Extended Data Fig. 5. Posterior retrodictive checks of the clinical surveillance data.

This plot illustrates the observed data (red dots) and the predicted mean values and 95% prediction intervals in black (n = 998).

Extended Data Fig. 6. Clinical incidence model key parameter prior and posterior draws.

Histograms of the intercepts of cholera and non-cholera AWD daily incidence (on log scale) (a) and the histograms of test sensitivity and specificity (b).

Extended Data Fig. 7. Vibriocidal results from the serosurvey.

a. Density plot of Vibrio cholerae O1 Ogawa vibriocidal titers by serosurvey round where the dashed line indicates the population mean titer for the N = 1,785 individuals who provided serum samples for all three rounds of data collection. The rug plots below indicate the actual titer values measured. b. The trajectory of log2(vibriocidal titers) across serosurvey rounds grouped by those who seroconvert (≥2-fold rise in titer value across any two study visits) and those who remain stable or serorevert. The overall distribution of vibriocidal antibodies was similar across rounds of data collection, with 18.7% of participants having a titer ≥320 at baseline (during both enrollment periods; 17.6% during R0A and 19.1% during R0B), 21% during the first follow-up (R1), and 19.4% during the second follow-up (R2). Overall, 8.1% of participants had a ≥2-fold rise in vibriocidal titers across any two study visits including 14.9% among children 1–4 years old, 7.8%among those 5–64 years old and 8.6% among those 65 years and older. Four percent of individuals had a ≥2-fold rise in titers from enrollment to their first follow-up visit, and 4.2% had a ≥2-fold rise between the first follow-up and the final visit.

Extended Data Fig. 8. Posteriors of the antibody kinetic model.

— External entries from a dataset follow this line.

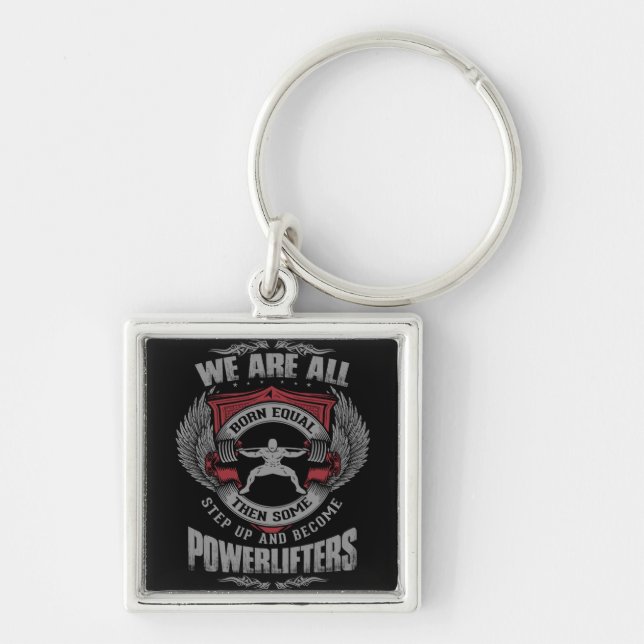 Powerlifting - STEP UP - Gym Workout Motivational Keychain (Front)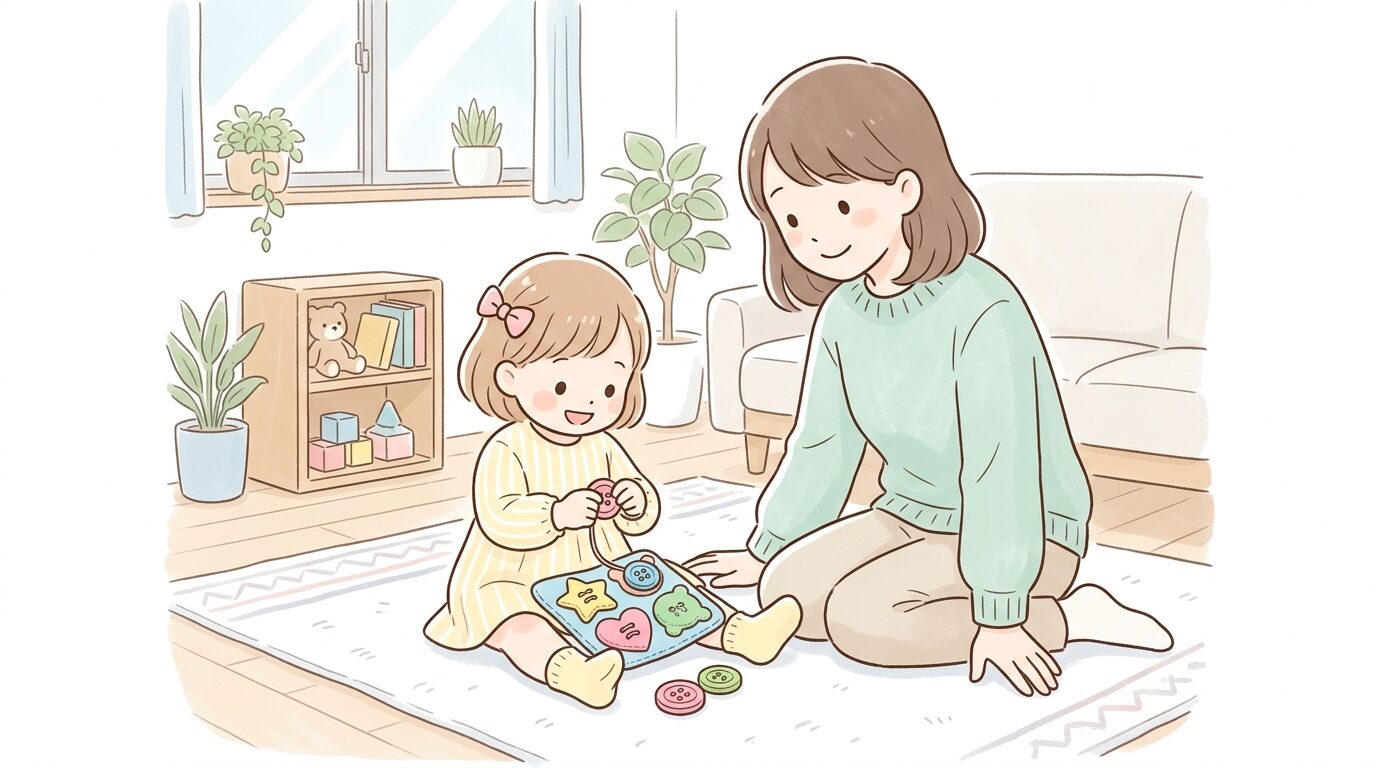 リビングでフェルトのボタン練習おもちゃに取り組む2歳児の女の子と、隣で優しく見守る母親
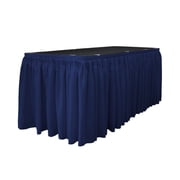 LA Linen SKT-Pop-14x29-10Lclips-NavyP72 Polyester Poplin Table Skirt with 10 L-Clips, Navy - 14 ft. x 29 in.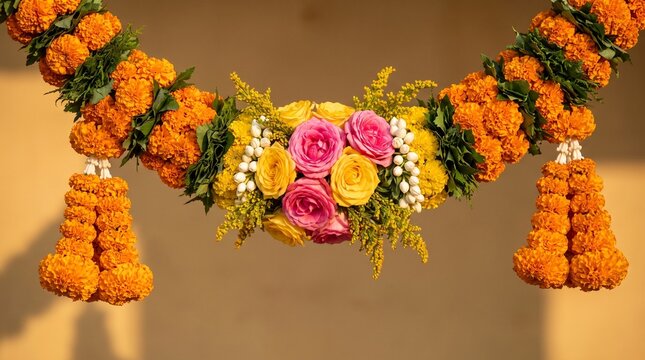 Blurry background featuring a floral Indian garland toran made of marigold blooms . for Hindu festivals. Happy Ugadi. Banner for Gudi Padva, Hindu New Year, Diwali, Onam, Pongal with copy space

Posteriors of vibriocidal (Ogawa) antibody kinetics model parameters from Jones et al..The random draws from this posterior distribution are shown.

Extended Data Fig. 9. Posterior retrodictive checks of serological trajectories.

This plot illustrates the titer trajectories for each participant classified by their most probable infection profile (panel/facet) along with the posterior probability of having that infection profile (color).

Extended Data Fig. 10. Seroincidence model key parameter prior and posterior draws.

The key parameter prior and posterior draws from the seroincidence model by model type (assuming a constant infection hazard rate versus time-varying infection hazard rate) and age group.